A woman charged with murdering her beau is detained inside an ancient, eerie building, rumoured to be inhabited by the spirit of a violent queen, and the psychiatrist sent to investigate inquiries, 'Is she going through some kind of trauma?'
Durgamati's idiocy knows no bounds.
And blabbering 'kakorrhaphiophobia' or tossing in a tongue-on-fire tantrik only makes it worse.
Even the usually spunky Bhumi appears awfully jaded as the IAS officer and minister's personal secretary grilled by CBI (Mahie Gill) over her boss's (Arshad Warsi shows his cards early on) suspected fraud until paranormal activity grabs hold of her in isolation.
Something wicked is around the corner as Durgamati unleashes an onslaught of jump scares, red herrings and hysterical makeovers before a handful of laughable flashbacks and twists confirm the viewer's worst suspicion -- much ado about nothing.
Durgamati is so caught up with the tired rituals of the 'boo' genre and bruising and battering its heroine, none of its so-called attempts to juice up the premise by creating a familiar people versus politician conflict can salvage the scene.

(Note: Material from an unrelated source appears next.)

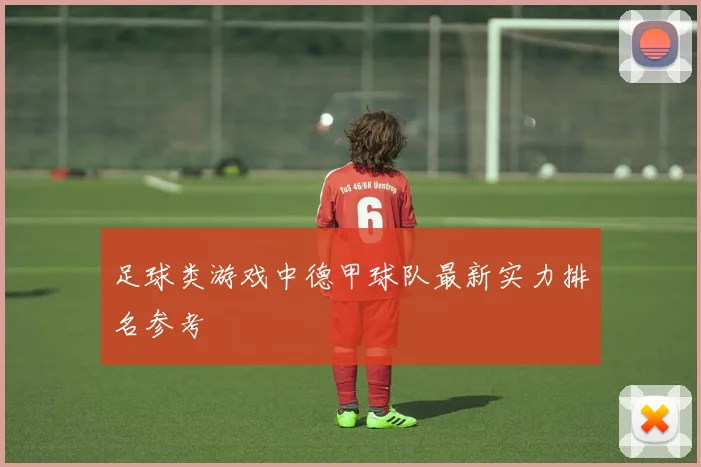 足球类游戏中德甲球队最新实力排名参考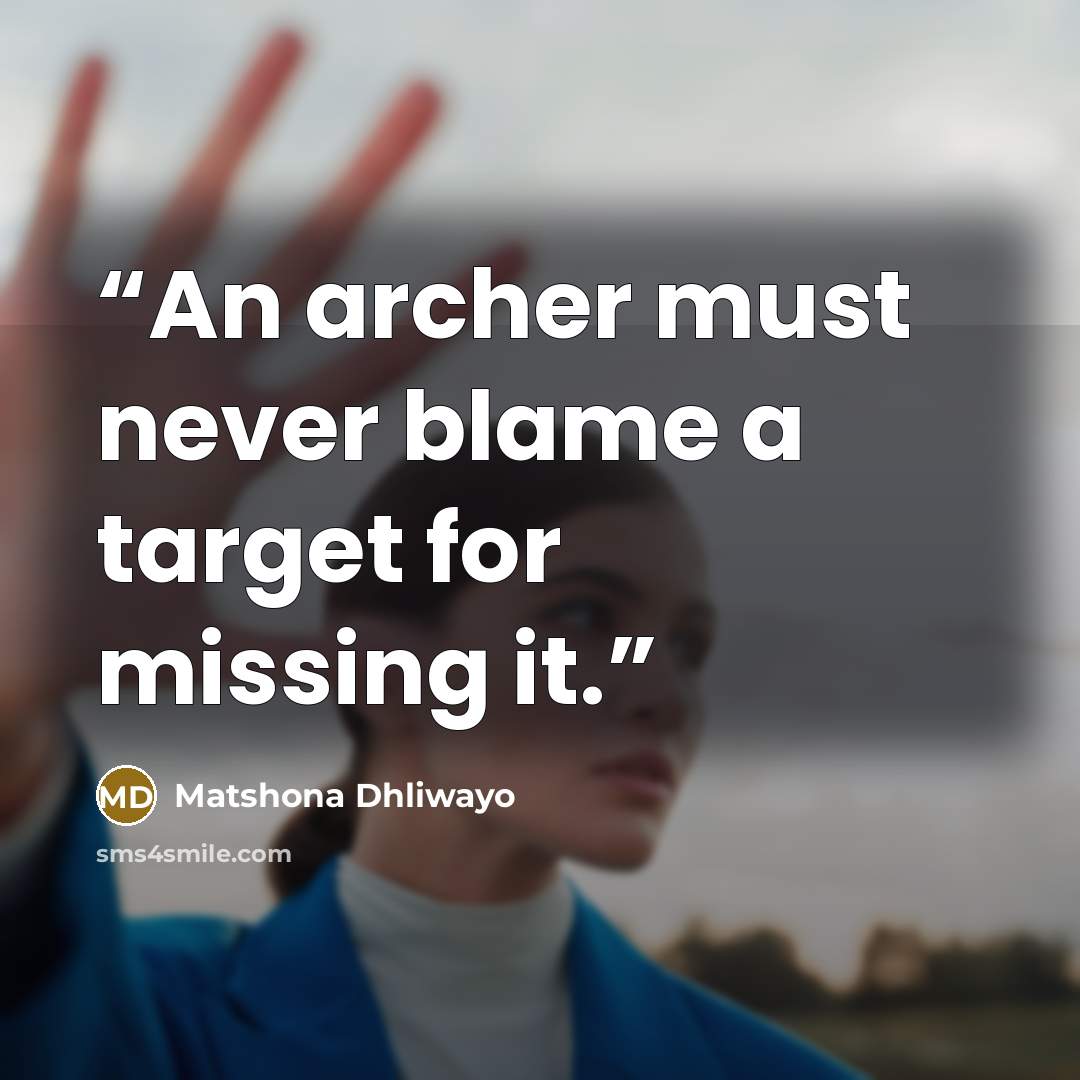 “An archer must never blame a target for missing it.” quote by Matshona Dhliwayo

Especially if your suspension of disbelief isn't compromised to the extent of buying a blank Karan Kapadia as the voice of the voiceless who chucked his Stanford degree to practise kurta activism in rural Madhya Pradesh.
What is interesting is how peculiar the throwaway gibes ('Politics mein kamal nahi sirf keede khilte hain') sound in an Akshay Kumar co-production given his commitment to hyper-nationalist cinema.
For all its aim of concocting a shrewd mix of intrigue and injustice what sticks out is the sheer sloppiness of this tediously formulaic drivel.
Add to that, it is such a poorly performed show.
Perfectly decent actors show zero inclination to make it work.
Where Bhumi's misplaced restraint dilutes the hostile impulses of a true blue avenging angel, Mahie Gill's stiff upper lip speaking in a phony Bong accent is unbearably jarring.
On seeing the case is going nowhere, she orders everybody, 'It's over.'
If only Durgamati would too.
Durgamati is streaming on Amazon Prime Video.